Well, if I'm understanding the article correctly, then when you boil everything down, it would seem that, deliberate or not, the MS O/S is our primary boat-anchor. I've spent a fortune on system upgrades in the last 9 months. I'm just now reaching the point where I'm getting satisfactory performance out of this years games. It would seem then that if the PC O/S cannot or will not be formulated to take advantage of all this horsepower, maybe it's time for an indy to step in and formulate an O/S that can be dual booted and which will focus exclusively on game app performance and communications. Can't say there wouldnt be a market for it.
Well, there is only so much that can be done from the operating system standpoint.
The OS still has to have an API that serves as a common interface to the video card drivers, which then translate instruction so that they work on the 3D hardware.
This process can probably be improved and tweaked such that it takes better advantage of the computers hardware over time (particularly multiple cores) but a lot of this lies with the developers of the 3D engines the games are built on as well, to make sure their engines are multithreaded.
In the grand scheme though, the reason a console will always be faster, if running on equivalent hardware is because every one of that brand of console has the same hardware.

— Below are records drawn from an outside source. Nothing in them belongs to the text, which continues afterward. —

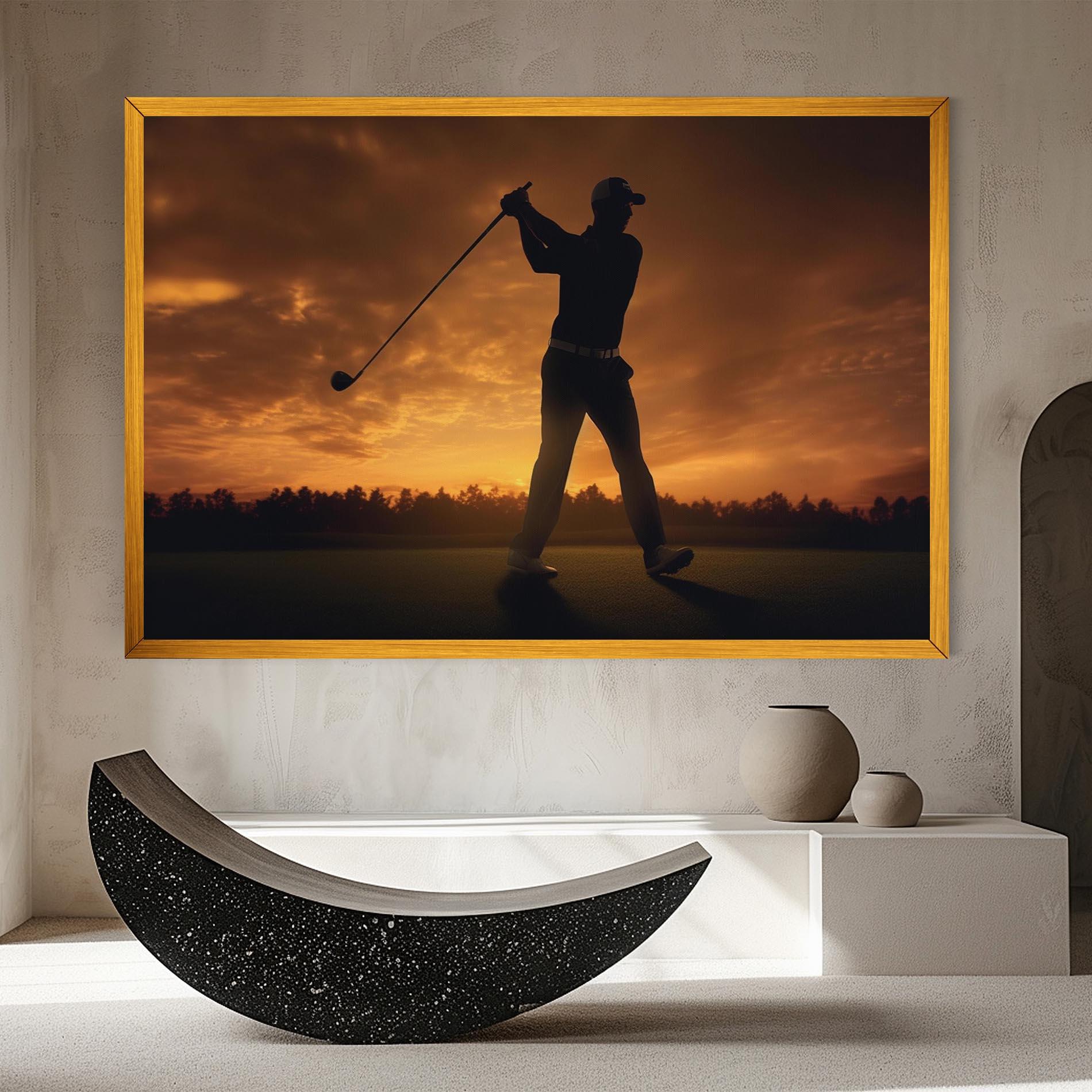 Obraz na Płótnie Golf Course Sunset mockup 8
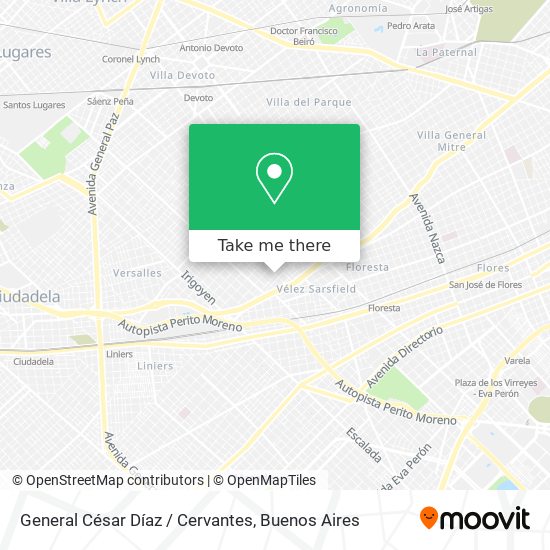 General César Díaz / Cervantes map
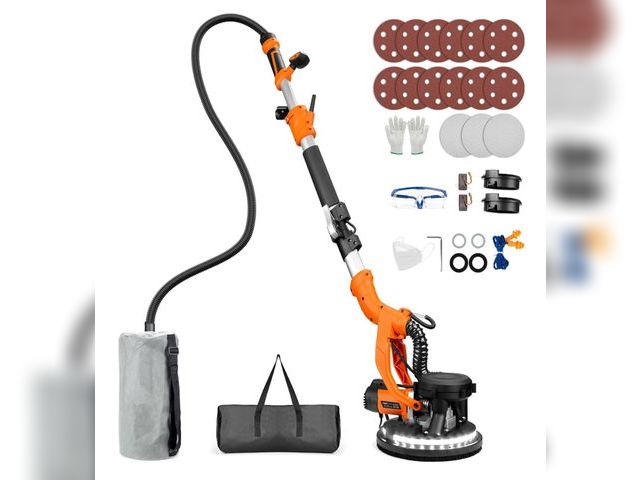 Lot 96-164373 - Drywall Sander, 1000W Popcorn Ceiling Removal Tool, Automatic Drywall Sander with Vacuum Dust Collec...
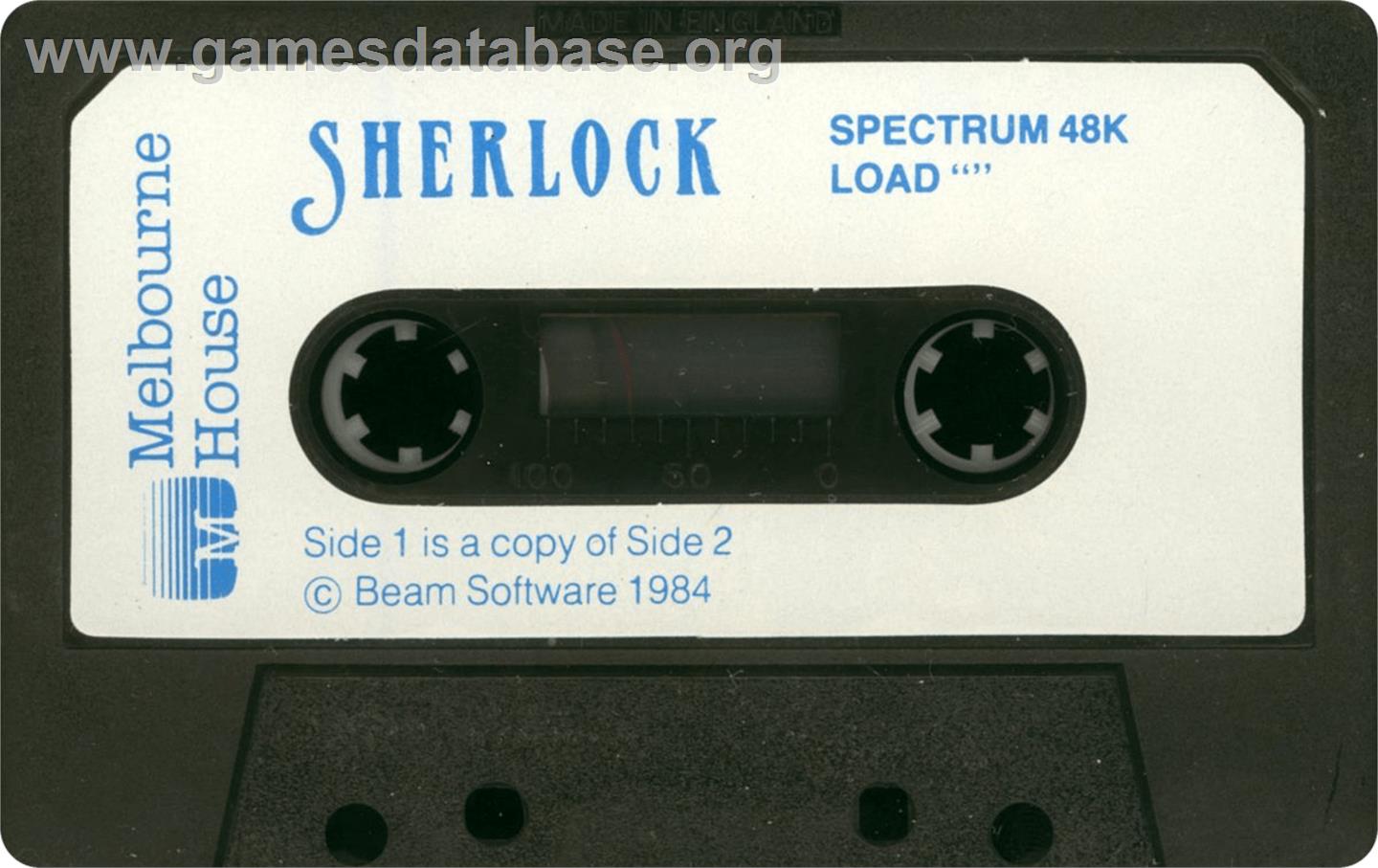Sherlock - Sinclair ZX Spectrum - Artwork - Cartridge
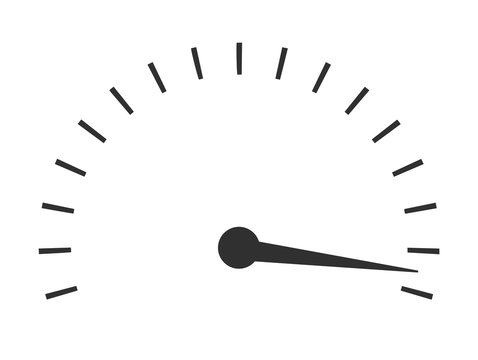 Vector minimal illustration of speedometer gauges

The console game engine can natively speak to the GPU, whereas everything on the PC needs to go through the combination of Direct 3D or Open GL API's and drivers which act as translators between the game engine and 3d hardware. This real time "translation" is what causes the extra load.

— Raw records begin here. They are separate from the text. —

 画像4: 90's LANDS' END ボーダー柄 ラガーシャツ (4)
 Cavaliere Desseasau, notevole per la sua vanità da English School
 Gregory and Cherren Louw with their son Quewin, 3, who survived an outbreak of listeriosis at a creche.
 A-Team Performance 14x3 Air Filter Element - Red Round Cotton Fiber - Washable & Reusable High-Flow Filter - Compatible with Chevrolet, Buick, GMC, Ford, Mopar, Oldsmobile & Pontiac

Another benefit the console has is that when you are making a game for a console, you can optimize each scene for your one hardware configuration, and test it, and know that it will be representative of what all users will experience. On a PC you can't really do this.

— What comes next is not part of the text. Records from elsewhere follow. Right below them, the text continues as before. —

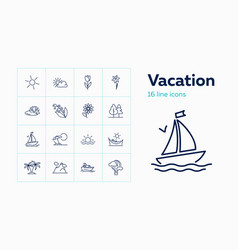 Vacation Icons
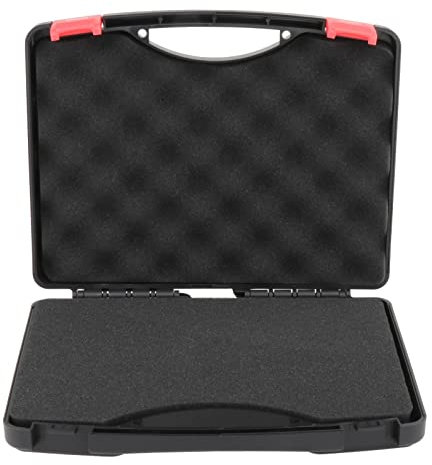 Milageto Cassetta degli attrezzi protettiva multifunzione con valigia in spugna Viti impermeabili antiurto Porta attrezzi Scatola portaoggetti Resistente, 280mmx320mmx50mm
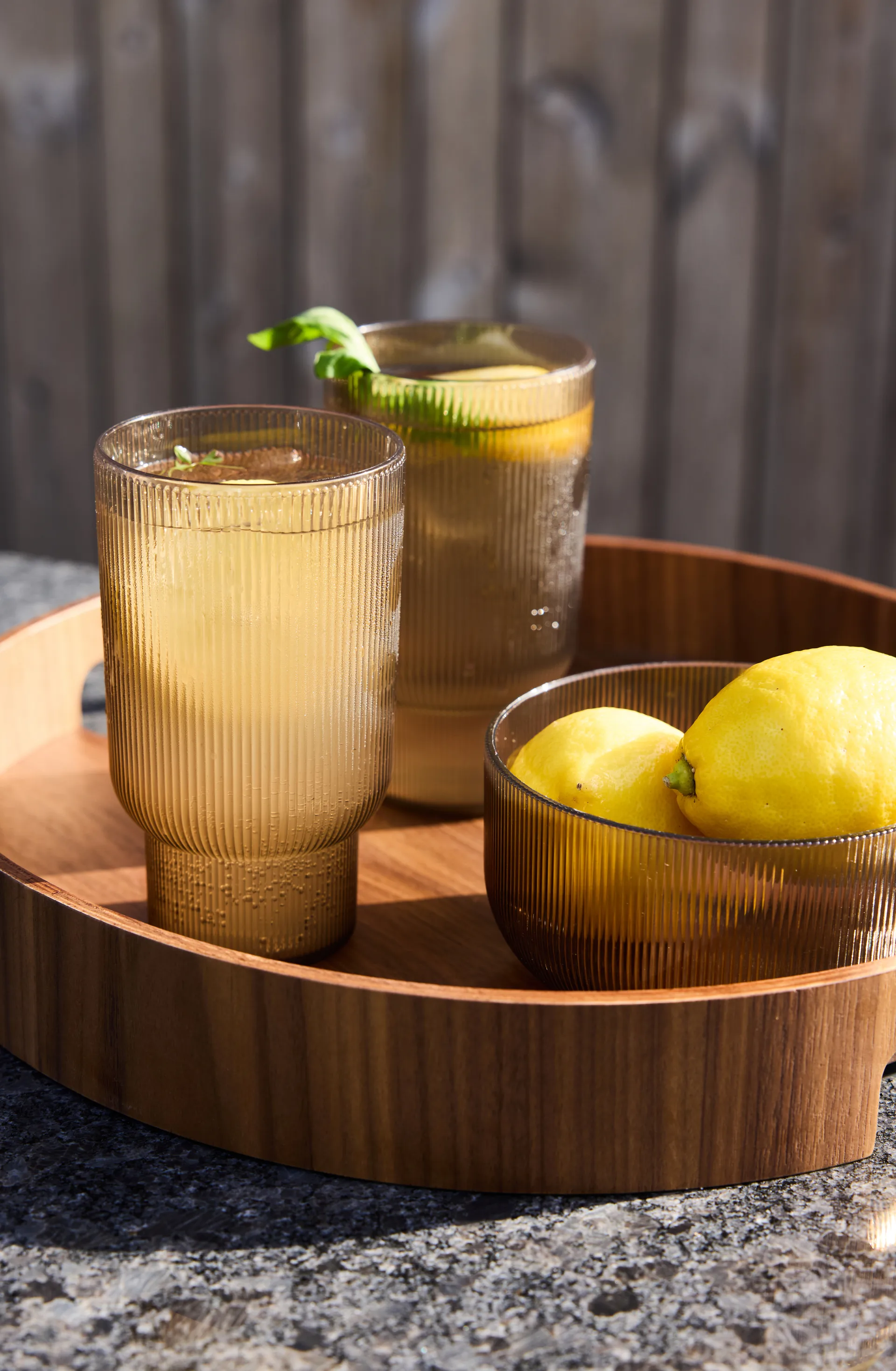 Billi copo para bebidas 43 cl conjunto de 4, Marrom Sagaform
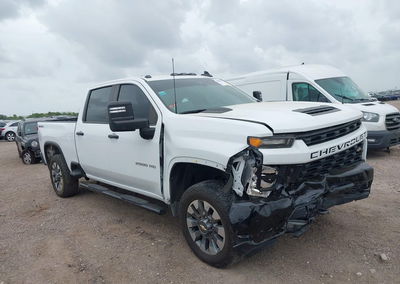 2023 Chevrolet Silverado 2500hd 4wd  Standard Bed Custom, Front End damage, Iaai lot 45598993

The developers could say "Hmm, having 7 buildings in this scene makes the game render kind of slow on console X, so we are going to put in 6 buildings instead". In more detail they can optimize it to the amount of VRAM and GPU power present. With a PC you have to choose one configuration and stick with it, and all sorts of different types of hardware which it is not optimized for will run it.
If every single PC had the same CPU, the same motherboard, the same type and amount of RAM, the exact same video card, and the same output resolution, you could overcome that gap, but this is not going to happen. hardware diversity is one of the things that makes the PC platform great.
But as mentioned before, it is a moot point.
Current consoles are a snapshot of ~2005 mid to high end hardware. Compared to PC's today, they are all but obsolete. The hardware commonality benefits allows them to still remain somewhat relevant, but they are still outclassed by the brute force of PC's.
So, when the next generation of consoles are released. (2012? 2013?) they will be a snapshot of mid to high end hardware available then. But guess what, a year later, PC hardware will once again be superior and able to power through any benefits the consoles get from hardware commonality.